__The task__
Once you have read the data below, print all of it exactly.

__The data__
Content starts

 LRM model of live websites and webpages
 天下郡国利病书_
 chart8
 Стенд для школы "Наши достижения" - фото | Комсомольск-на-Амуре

Content ends

__Written reply__
 LRM model of live websites and webpages
 天下郡国利病书_
 chart8
 Стенд для школы "Наши достижения" - фото | Комсомольск-на-Амуре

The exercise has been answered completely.